Records from a collection
╔══
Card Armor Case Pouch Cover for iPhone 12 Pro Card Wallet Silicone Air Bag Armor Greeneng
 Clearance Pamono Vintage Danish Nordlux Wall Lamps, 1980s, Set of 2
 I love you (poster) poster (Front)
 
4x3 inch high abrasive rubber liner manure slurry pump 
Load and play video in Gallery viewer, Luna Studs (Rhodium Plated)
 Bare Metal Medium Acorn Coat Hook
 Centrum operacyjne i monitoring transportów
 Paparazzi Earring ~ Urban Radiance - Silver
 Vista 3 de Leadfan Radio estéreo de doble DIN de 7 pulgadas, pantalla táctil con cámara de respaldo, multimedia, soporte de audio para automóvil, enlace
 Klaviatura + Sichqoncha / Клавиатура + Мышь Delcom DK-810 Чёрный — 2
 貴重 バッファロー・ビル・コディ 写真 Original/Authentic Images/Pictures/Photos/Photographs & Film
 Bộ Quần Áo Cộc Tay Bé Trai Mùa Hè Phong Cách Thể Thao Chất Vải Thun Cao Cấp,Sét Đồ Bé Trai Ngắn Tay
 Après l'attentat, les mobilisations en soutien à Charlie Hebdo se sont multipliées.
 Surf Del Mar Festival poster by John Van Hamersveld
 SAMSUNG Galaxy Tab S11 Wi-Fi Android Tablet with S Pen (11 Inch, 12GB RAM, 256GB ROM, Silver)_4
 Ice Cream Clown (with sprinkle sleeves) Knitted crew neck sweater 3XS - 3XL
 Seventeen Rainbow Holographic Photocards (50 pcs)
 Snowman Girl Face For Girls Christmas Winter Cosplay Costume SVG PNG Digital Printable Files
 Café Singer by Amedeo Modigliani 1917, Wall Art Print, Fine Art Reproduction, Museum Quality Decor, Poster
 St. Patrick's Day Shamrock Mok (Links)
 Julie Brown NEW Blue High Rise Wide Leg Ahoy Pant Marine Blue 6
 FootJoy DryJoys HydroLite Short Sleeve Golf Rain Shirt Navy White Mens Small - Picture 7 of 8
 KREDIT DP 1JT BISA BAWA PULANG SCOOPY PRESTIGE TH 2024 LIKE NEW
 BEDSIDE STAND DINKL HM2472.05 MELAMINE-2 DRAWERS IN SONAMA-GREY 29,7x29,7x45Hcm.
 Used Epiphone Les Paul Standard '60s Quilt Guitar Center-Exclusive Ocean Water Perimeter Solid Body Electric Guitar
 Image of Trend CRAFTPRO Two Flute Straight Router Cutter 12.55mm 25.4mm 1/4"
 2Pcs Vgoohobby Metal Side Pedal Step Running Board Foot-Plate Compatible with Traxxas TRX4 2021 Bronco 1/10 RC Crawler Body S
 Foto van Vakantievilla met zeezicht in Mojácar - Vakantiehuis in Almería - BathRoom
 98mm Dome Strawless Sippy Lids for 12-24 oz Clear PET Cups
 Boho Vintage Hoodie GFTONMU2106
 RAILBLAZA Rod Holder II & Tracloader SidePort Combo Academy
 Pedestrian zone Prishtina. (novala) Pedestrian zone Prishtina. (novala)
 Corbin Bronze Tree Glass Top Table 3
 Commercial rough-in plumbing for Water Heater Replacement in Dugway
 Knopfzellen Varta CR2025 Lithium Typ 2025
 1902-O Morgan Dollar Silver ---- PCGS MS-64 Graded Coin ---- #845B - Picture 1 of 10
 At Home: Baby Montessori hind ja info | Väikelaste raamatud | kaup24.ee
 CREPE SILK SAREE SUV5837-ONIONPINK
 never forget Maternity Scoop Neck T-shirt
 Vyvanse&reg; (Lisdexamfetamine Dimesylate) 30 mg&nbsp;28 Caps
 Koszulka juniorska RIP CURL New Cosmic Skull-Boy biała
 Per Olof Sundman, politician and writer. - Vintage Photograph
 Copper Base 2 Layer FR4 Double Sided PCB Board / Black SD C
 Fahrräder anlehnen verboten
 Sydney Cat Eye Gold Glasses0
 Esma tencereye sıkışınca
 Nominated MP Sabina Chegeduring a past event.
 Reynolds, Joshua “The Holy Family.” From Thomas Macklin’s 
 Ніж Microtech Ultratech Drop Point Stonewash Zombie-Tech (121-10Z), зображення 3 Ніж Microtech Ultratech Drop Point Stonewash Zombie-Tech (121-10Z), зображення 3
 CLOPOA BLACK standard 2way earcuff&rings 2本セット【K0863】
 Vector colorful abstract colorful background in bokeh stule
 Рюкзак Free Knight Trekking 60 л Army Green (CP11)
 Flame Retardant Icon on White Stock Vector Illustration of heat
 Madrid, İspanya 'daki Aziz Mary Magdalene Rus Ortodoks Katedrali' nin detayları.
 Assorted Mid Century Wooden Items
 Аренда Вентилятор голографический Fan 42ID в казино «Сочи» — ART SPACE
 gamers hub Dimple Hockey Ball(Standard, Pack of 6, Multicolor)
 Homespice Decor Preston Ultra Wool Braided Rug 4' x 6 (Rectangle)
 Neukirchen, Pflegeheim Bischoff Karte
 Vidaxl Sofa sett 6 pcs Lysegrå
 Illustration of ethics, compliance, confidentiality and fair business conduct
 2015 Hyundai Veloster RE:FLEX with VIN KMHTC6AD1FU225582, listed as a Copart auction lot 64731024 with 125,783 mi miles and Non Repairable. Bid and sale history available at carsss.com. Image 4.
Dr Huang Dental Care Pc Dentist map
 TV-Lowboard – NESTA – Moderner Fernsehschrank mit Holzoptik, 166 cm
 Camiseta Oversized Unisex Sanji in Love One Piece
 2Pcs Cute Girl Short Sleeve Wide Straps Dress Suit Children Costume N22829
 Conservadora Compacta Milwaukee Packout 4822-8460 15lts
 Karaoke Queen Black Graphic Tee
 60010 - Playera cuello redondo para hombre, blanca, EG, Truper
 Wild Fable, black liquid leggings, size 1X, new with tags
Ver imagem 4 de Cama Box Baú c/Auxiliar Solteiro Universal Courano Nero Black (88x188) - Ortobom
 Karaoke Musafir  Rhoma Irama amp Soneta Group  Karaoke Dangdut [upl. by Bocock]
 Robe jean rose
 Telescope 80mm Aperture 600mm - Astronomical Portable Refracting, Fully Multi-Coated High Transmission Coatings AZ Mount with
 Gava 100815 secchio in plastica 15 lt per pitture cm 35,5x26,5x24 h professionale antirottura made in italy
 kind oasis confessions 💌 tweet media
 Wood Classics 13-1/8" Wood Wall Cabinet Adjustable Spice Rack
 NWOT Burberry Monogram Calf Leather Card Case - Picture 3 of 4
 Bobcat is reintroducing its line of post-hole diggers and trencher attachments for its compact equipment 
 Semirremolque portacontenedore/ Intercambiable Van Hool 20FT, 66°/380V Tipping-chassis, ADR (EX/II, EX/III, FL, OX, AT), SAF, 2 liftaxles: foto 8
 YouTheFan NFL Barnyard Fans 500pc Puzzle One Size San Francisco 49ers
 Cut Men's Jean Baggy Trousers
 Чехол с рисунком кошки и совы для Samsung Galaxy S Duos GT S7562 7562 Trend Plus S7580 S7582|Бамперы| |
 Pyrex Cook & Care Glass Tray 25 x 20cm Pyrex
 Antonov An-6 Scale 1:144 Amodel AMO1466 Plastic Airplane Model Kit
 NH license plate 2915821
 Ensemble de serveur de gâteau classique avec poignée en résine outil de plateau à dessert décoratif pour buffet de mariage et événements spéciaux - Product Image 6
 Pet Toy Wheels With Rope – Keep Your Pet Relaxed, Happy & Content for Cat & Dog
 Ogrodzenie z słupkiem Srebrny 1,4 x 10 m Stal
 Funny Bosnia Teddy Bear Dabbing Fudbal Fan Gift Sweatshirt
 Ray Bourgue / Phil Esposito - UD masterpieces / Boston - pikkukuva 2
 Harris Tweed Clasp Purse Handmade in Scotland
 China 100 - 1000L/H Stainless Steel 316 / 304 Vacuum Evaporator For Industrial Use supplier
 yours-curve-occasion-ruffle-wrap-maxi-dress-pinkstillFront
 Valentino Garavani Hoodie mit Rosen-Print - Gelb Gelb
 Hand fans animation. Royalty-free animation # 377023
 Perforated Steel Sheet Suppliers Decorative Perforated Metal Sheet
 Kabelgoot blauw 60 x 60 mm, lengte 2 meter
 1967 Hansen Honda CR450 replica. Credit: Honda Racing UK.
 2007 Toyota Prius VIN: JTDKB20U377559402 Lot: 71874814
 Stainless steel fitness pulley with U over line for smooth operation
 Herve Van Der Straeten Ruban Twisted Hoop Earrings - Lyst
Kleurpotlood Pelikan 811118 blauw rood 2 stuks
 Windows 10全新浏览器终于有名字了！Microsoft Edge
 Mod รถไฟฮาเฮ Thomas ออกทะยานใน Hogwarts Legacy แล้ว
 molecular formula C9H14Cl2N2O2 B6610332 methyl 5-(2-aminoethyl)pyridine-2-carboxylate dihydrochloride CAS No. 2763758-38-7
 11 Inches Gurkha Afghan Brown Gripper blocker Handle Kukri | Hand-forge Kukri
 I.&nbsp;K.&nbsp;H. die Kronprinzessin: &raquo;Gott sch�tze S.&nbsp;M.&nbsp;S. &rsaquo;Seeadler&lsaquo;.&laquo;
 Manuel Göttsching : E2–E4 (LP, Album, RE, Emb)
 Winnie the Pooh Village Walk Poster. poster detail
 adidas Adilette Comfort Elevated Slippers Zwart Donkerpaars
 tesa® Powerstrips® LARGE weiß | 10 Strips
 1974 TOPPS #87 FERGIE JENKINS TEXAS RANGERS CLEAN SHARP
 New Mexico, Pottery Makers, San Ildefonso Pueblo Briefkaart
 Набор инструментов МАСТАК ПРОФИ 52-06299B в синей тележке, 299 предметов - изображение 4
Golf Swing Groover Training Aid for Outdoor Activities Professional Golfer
╚══
Starting with the line with "Kabelgoot blauw 60 x 60 mm, lengte 2 meter" above and going on through the line with "Kleurpotlood Pelikan 811118", transcribe every line exactly, both ends included, and add nothing.

### EXERCISE OUTPUT
 Kabelgoot blauw 60 x 60 mm, lengte 2 meter
 1967 Hansen Honda CR450 replica. Credit: Honda Racing UK.
 2007 Toyota Prius VIN: JTDKB20U377559402 Lot: 71874814
 Stainless steel fitness pulley with U over line for smooth operation
 Herve Van Der Straeten Ruban Twisted Hoop Earrings - Lyst
Kleurpotlood Pelikan 811118 blauw rood 2 stuks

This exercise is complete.